■ **What is needed**:
What is needed is an exact copy of the entries below, with every picture left out.

►

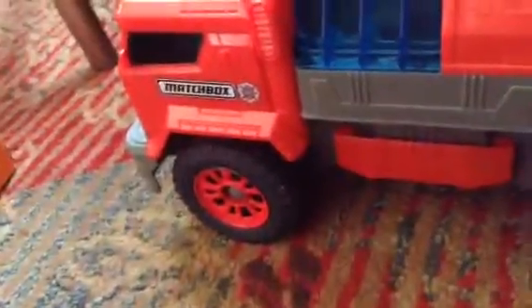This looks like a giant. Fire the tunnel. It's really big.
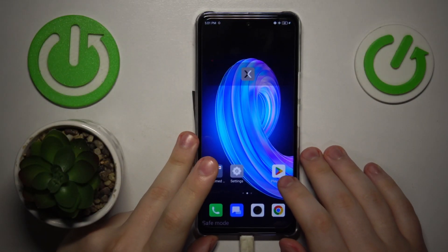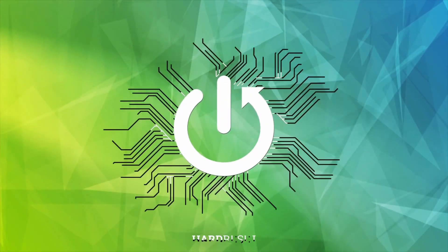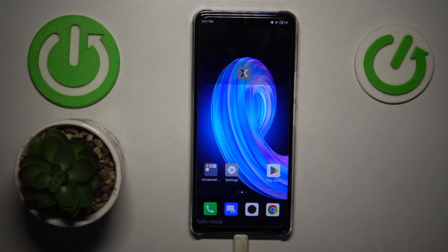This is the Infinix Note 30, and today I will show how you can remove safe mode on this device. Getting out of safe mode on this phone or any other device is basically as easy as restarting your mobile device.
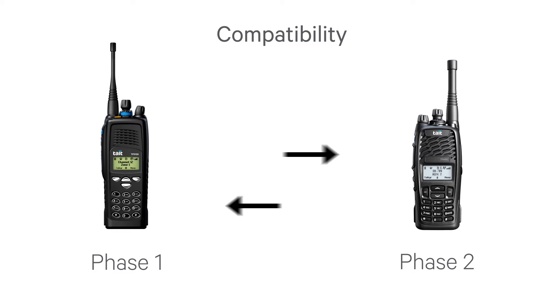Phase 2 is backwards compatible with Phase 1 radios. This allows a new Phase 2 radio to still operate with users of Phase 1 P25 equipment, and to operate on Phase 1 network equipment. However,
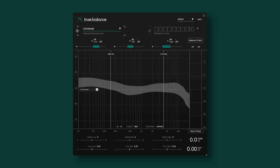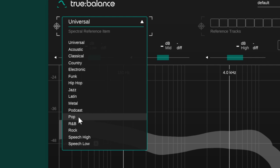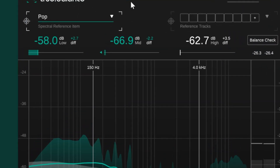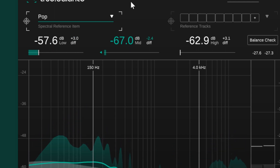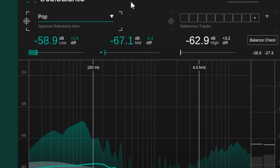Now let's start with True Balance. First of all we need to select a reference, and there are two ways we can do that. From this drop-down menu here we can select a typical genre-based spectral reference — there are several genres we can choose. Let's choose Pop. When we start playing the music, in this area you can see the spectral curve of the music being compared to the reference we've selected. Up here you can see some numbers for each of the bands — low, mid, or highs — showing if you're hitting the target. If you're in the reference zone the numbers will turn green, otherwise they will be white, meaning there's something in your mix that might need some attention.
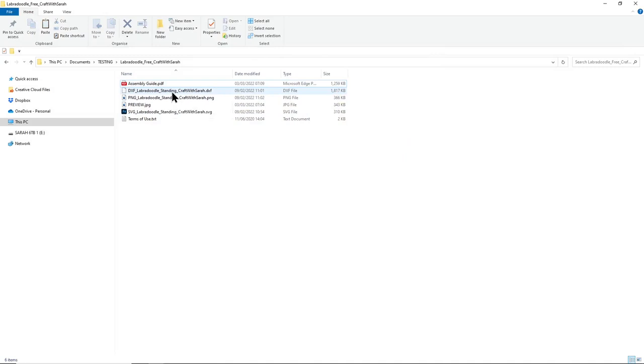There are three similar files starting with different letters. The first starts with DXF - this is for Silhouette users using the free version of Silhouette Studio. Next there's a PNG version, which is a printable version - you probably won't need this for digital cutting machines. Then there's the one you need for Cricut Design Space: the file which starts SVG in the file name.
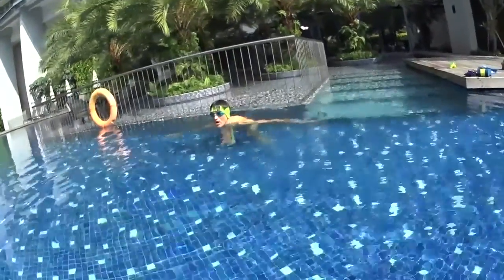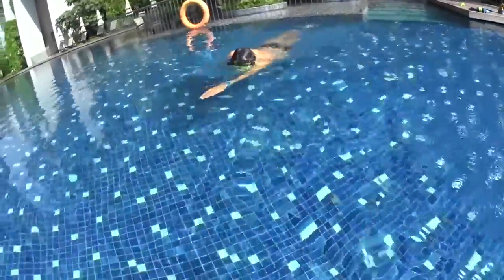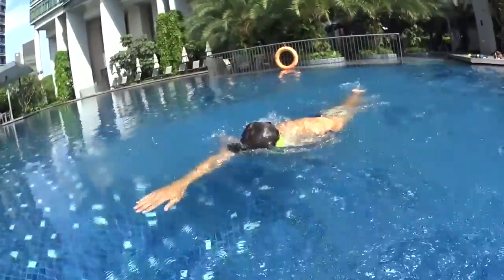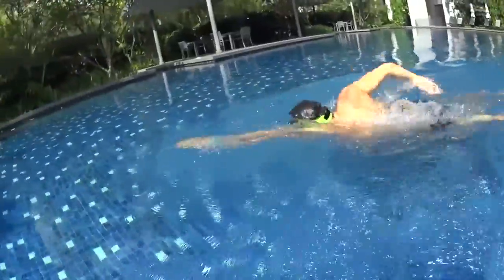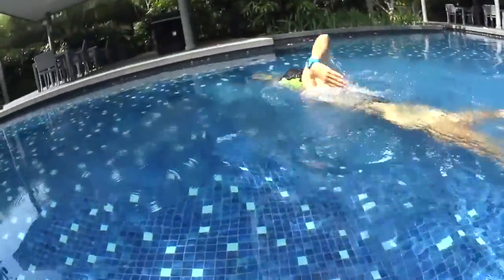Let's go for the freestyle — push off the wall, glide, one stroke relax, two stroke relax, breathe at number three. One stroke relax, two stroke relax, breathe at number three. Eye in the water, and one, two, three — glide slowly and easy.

◄

■ **Exercise output**:
This looks like a giant. Fire the tunnel. It's really big.
This is the Infinix Note 30, and today I will show how you can remove safe mode on this device. Getting out of safe mode on this phone or any other device is basically as easy as restarting your mobile device.
Phase 2 is backwards compatible with Phase 1 radios. This allows a new Phase 2 radio to still operate with users of Phase 1 P25 equipment, and to operate on Phase 1 network equipment. However,
Now let's start with True Balance. First of all we need to select a reference, and there are two ways we can do that. From this drop-down menu here we can select a typical genre-based spectral reference — there are several genres we can choose. Let's choose Pop. When we start playing the music, in this area you can see the spectral curve of the music being compared to the reference we've selected. Up here you can see some numbers for each of the bands — low, mid, or highs — showing if you're hitting the target. If you're in the reference zone the numbers will turn green, otherwise they will be white, meaning there's something in your mix that might need some attention.
There are three similar files starting with different letters. The first starts with DXF - this is for Silhouette users using the free version of Silhouette Studio. Next there's a PNG version, which is a printable version - you probably won't need this for digital cutting machines. Then there's the one you need for Cricut Design Space: the file which starts SVG in the file name.
Let's go for the freestyle — push off the wall, glide, one stroke relax, two stroke relax, breathe at number three. One stroke relax, two stroke relax, breathe at number three. Eye in the water, and one, two, three — glide slowly and easy.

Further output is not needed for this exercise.